MATERIAL TO PROCESS:
□ □ □

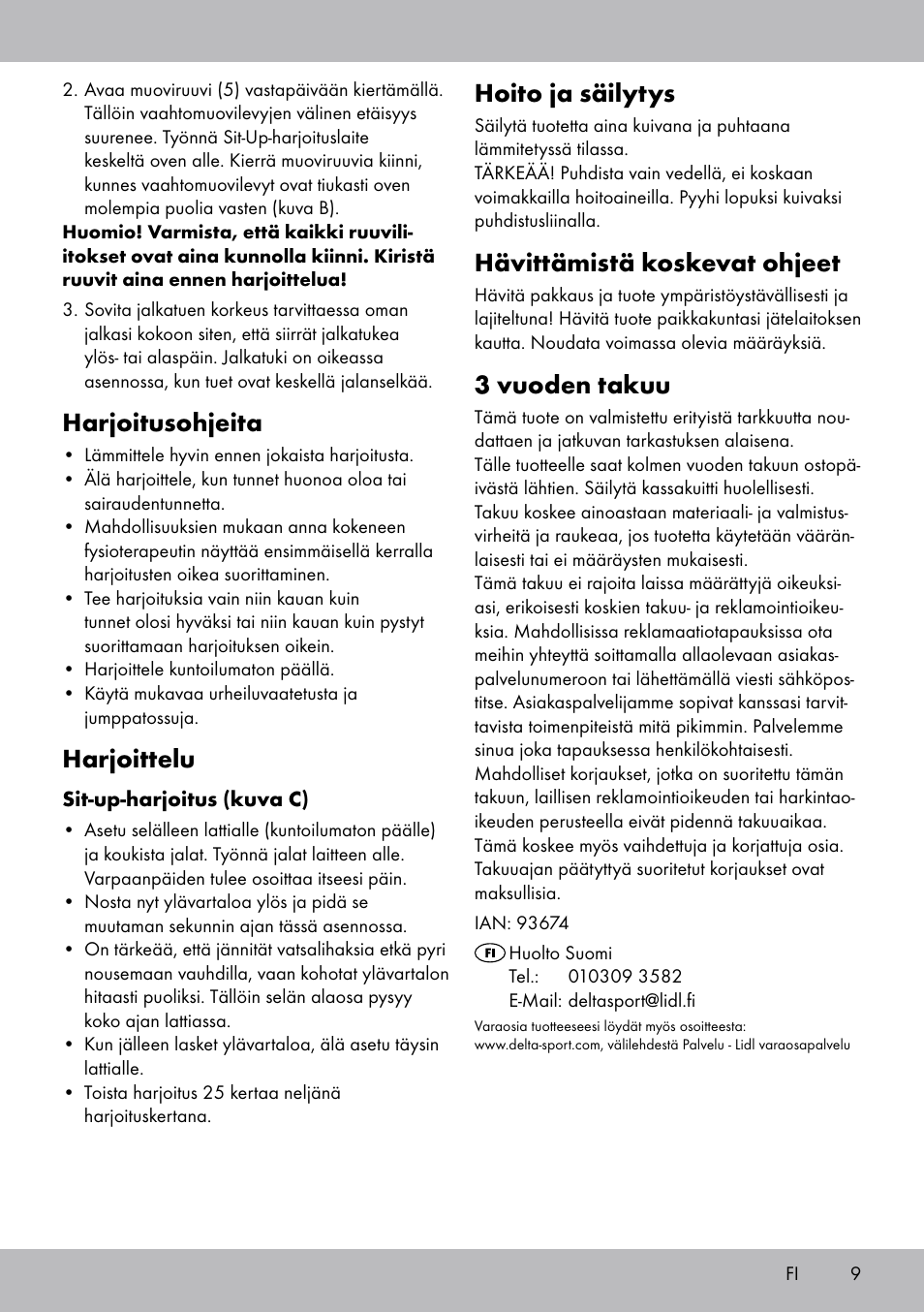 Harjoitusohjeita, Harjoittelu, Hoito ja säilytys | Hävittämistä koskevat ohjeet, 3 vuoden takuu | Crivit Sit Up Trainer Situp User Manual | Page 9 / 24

□ □ □

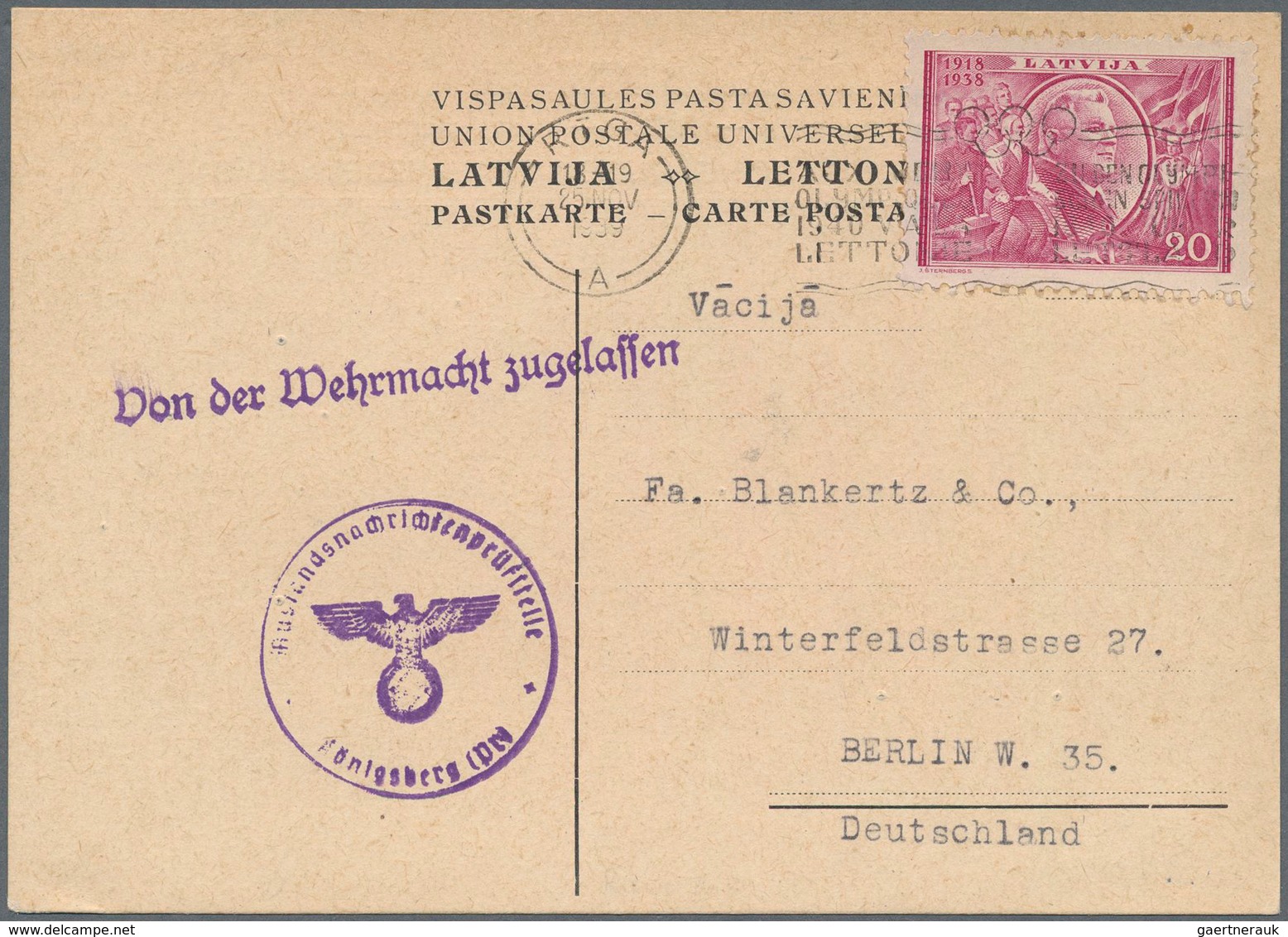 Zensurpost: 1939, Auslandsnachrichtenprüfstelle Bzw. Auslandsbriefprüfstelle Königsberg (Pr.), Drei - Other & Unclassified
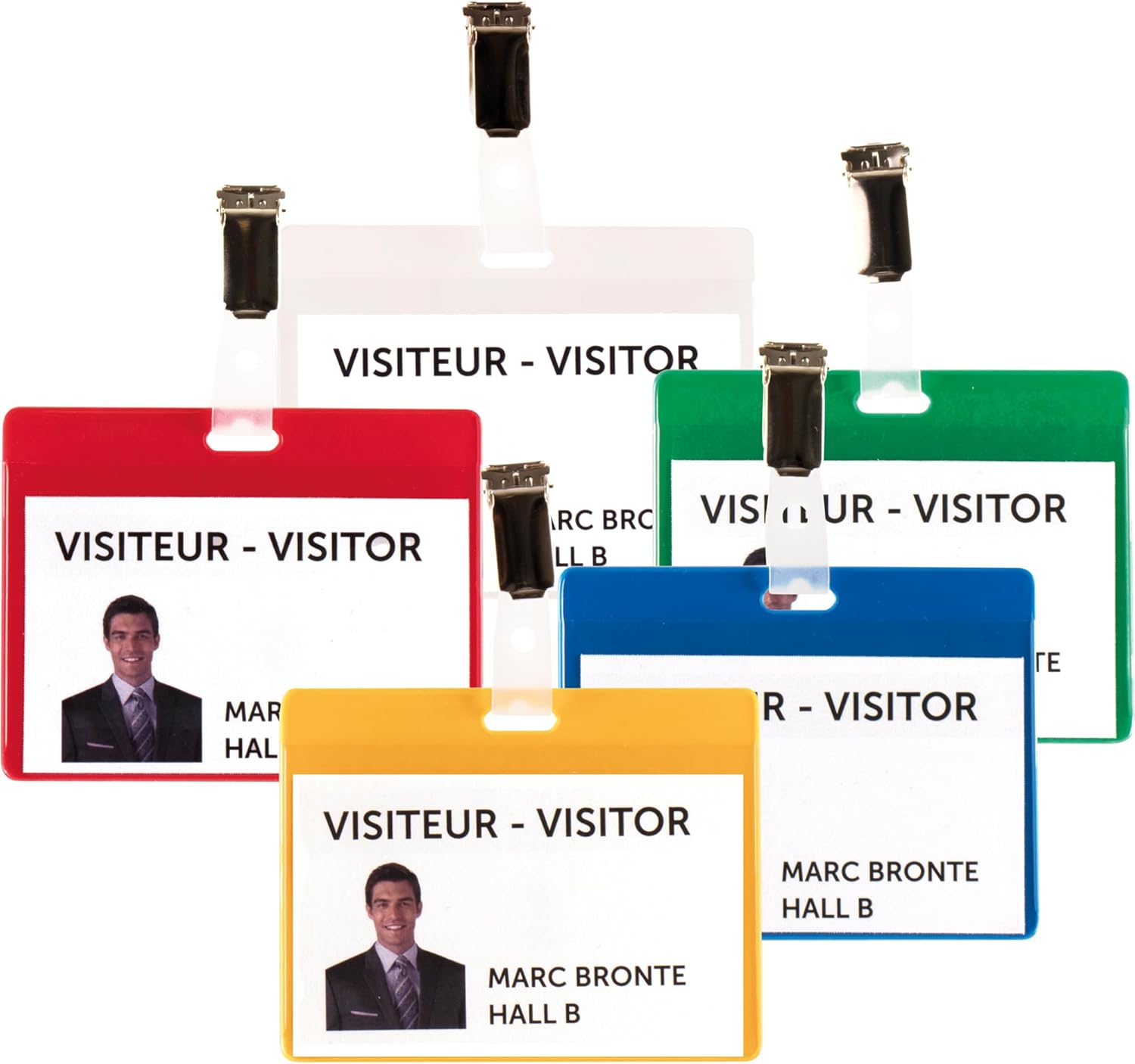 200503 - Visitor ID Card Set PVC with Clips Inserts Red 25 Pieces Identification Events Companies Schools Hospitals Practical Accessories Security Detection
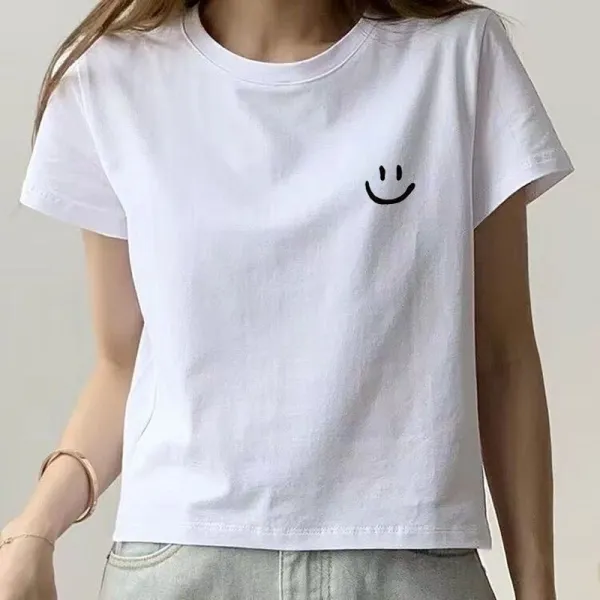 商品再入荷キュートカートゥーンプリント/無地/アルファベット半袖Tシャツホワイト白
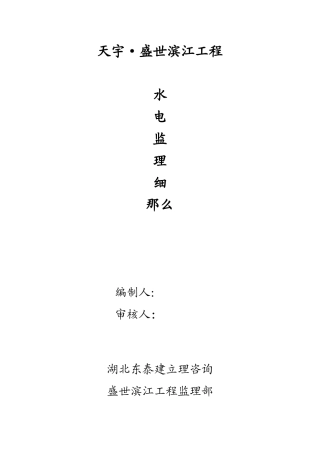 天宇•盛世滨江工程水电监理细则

□ □ □

ASSIGNMENT: Look above for the line with "200503 - Visitor" and the line with "天宇•盛世滨江工程水电监理细则"; set down those two lines and all lines between them exactly, without pictures and without anything else.

SOLVED PROBLEM:
 200503 - Visitor ID Card Set PVC with Clips Inserts Red 25 Pieces Identification Events Companies Schools Hospitals Practical Accessories Security Detection
 商品再入荷キュートカートゥーンプリント/無地/アルファベット半袖Tシャツホワイト白
 天宇•盛世滨江工程水电监理细则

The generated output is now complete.